想写点什么有很长一段时间了,只是不知道应该写些什么。一直到看到弟弟在我人人的留言板上写了一大片的“姐姐”。

 

Want to write something for a long time. But just don't know  what I should write down. Until I saw that my younger brother posted a lot of "sister" on my RenRen's wall (RenRen, a kind of social network in China, just like Facebook)

 

是什么时候意识到自己长大了?已经记不得了,只是现在回想起来,才会觉得,啊,原来自己长大了。带着伤痛,带着回忆,就这么长大了。

 

When did I notice that I have grown up? Can't remember that. Only when I looked backward can I be aware that, oh, so I have grown up. With pains, with memories, just grew up.

 

很多时候还是觉得自己是个孩子,想要任性,想要为所欲为肆无忌惮。可是却有了越来越多的顾忌,会考虑后果和责任。

 

Sometimes I still think I'm a child. Still want to be wilful, want to do everything I want without thinking a lot. But I got more and more scruples, and can't stop considering about the results and responsibilities.

 

经历了很多悲伤和难过,曾经觉得是难以跨越的。当现在可以笑着面对那些过去的时候,会觉得整个世界都不一样了。就是这些不堪的过去,让我现在变得足够勇敢,可以应对以前会惊慌的状况,会冷静的对待自己做出的决定和需要面对的现实。虽然过去很疼,可是现在的我很好。

 

Have experienced a lot of bad and sad things, and once I thought these are barriers that I could never break through. But now, when I faced these things in past in a positive way, I feel like I'm now in a brand new world.

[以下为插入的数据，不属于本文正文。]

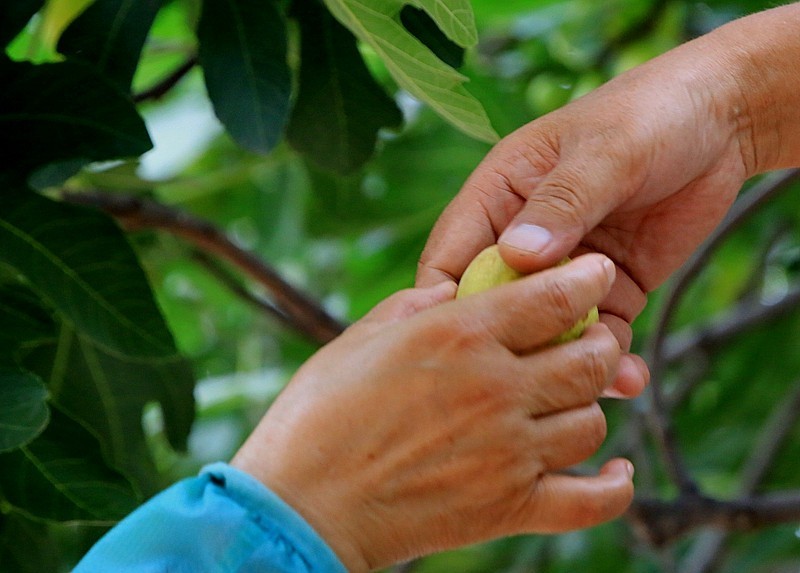 W-02【不老松：纪实摄影】无花果！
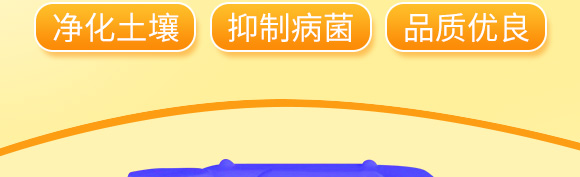 8_02.jpg 8_02.jpg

It is these bad and sad things in the past that make me brave enough to face the situations that I could not deal with before, and also make me stay cool with my decisions and facts. Although foretime hurt, I live a better life now.

 

是什么时候突然意识到弟弟长大了?是跟他一起去超市的时候,他突然说要买剃须刀开始吧。其实早就应该注意到了,弟弟越来越懂事,开始考虑更多家庭的责任,对我也像照顾妹妹一样。今天弟弟跟我说,姐姐,回来之后就没人敢欺负你了,因为有你弟弟在。

 

When did I recognize that my little brother had grown up? It might be that time when we went to the supermarket, he said he wanted to buy a shaver. I should have noticed that before since he became more and more sensible, considered more family responsibilities and took care of me like I was his younger sister. Today he told me that no one could bully you any more when you are back, because I'm here.

 

成长总是伴随着烦恼,但我们总会值回票价。因为我们能够找到一条路,通往更美好的生活。

 

No one can grow without pains. But no pain, no gain. We will find a way to live a better life through these painful past.